TASK TO CARRY OUT:
Nothing except the pictures should be left out when you reproduce the listing exactly.

DATA EXTRACT:
______
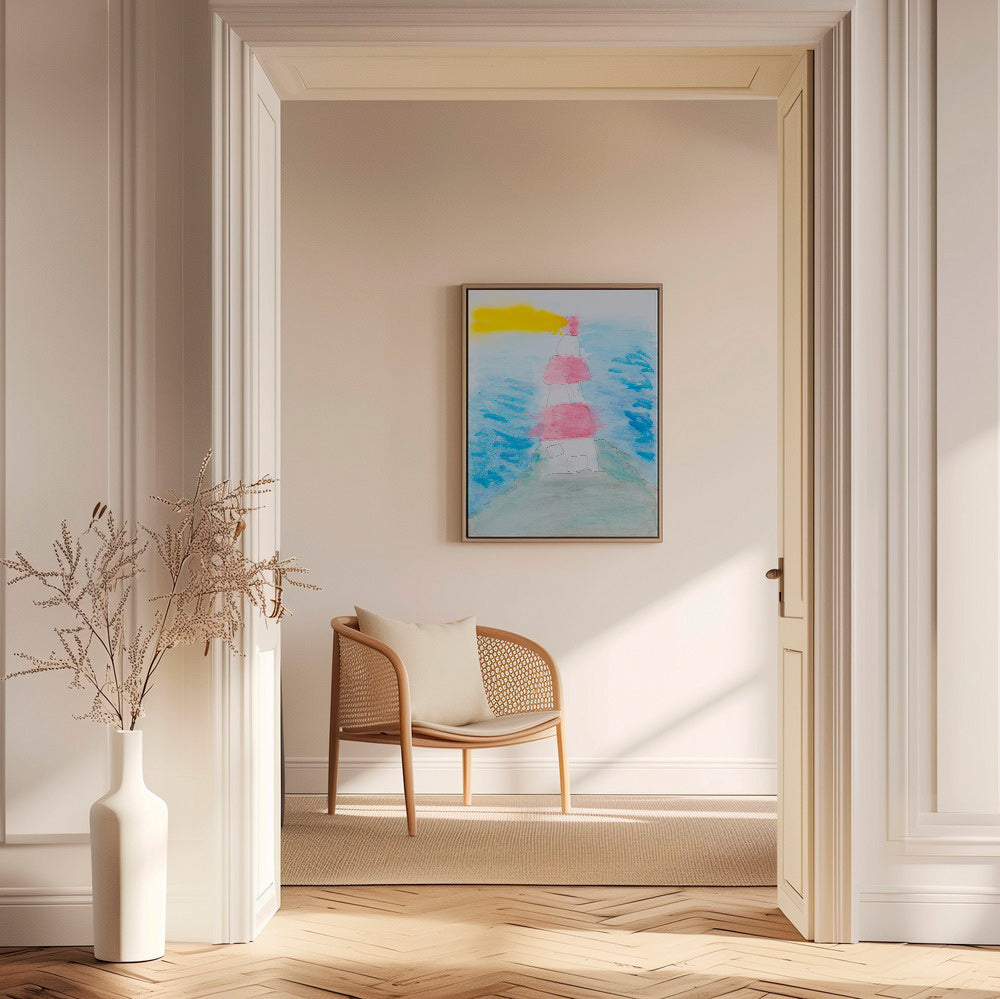Arte paesaggistica: faro ad acquerello – Canvas2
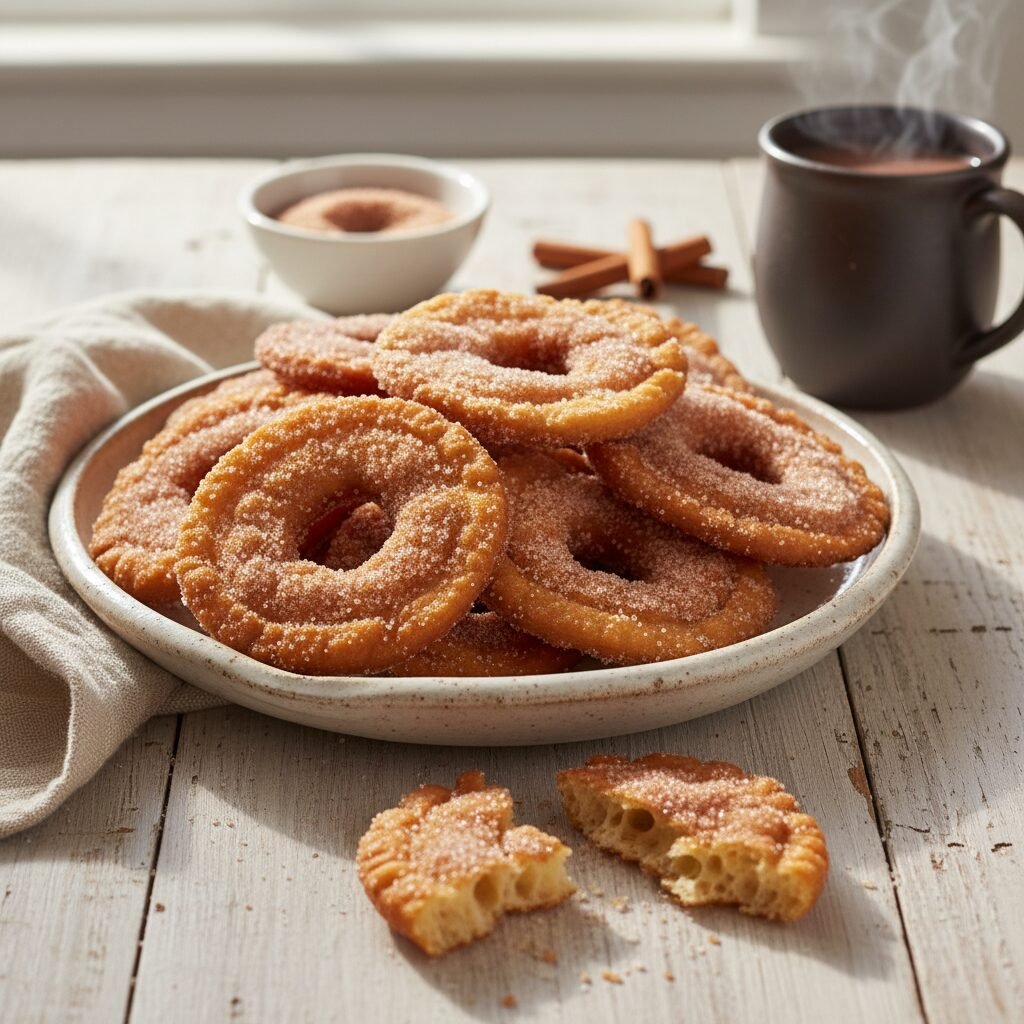 Golden Crispy Buñuelos with Cinnamon-Sugar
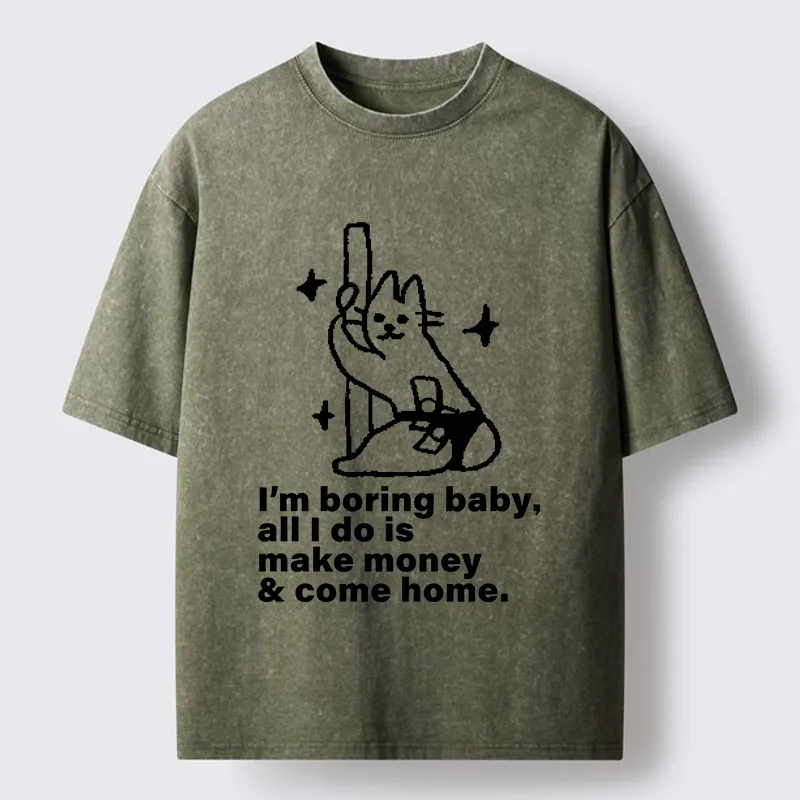 Tokyo-Tiger Cute Cat Only Makes Money Comes Home Washed T-Shirt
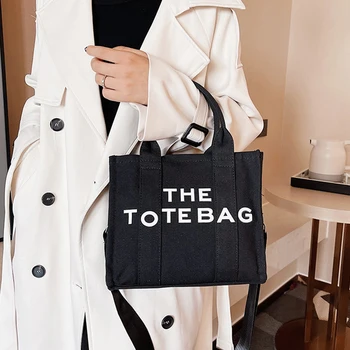 Большая вместимость, Новинка 2023 года, сумка на плечо с монограммой, Роскошный Дизайнерский бренд, однотонная холщовая сумка-тоут для женщин, кошелек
______
EXERCISE SOLUTION:
Arte paesaggistica: faro ad acquerello – Canvas2
 Golden Crispy Buñuelos with Cinnamon-Sugar
 Tokyo-Tiger Cute Cat Only Makes Money Comes Home Washed T-Shirt
 Большая вместимость, Новинка 2023 года, сумка на плечо с монограммой, Роскошный Дизайнерский бренд, однотонная холщовая сумка-тоут для женщин, кошелек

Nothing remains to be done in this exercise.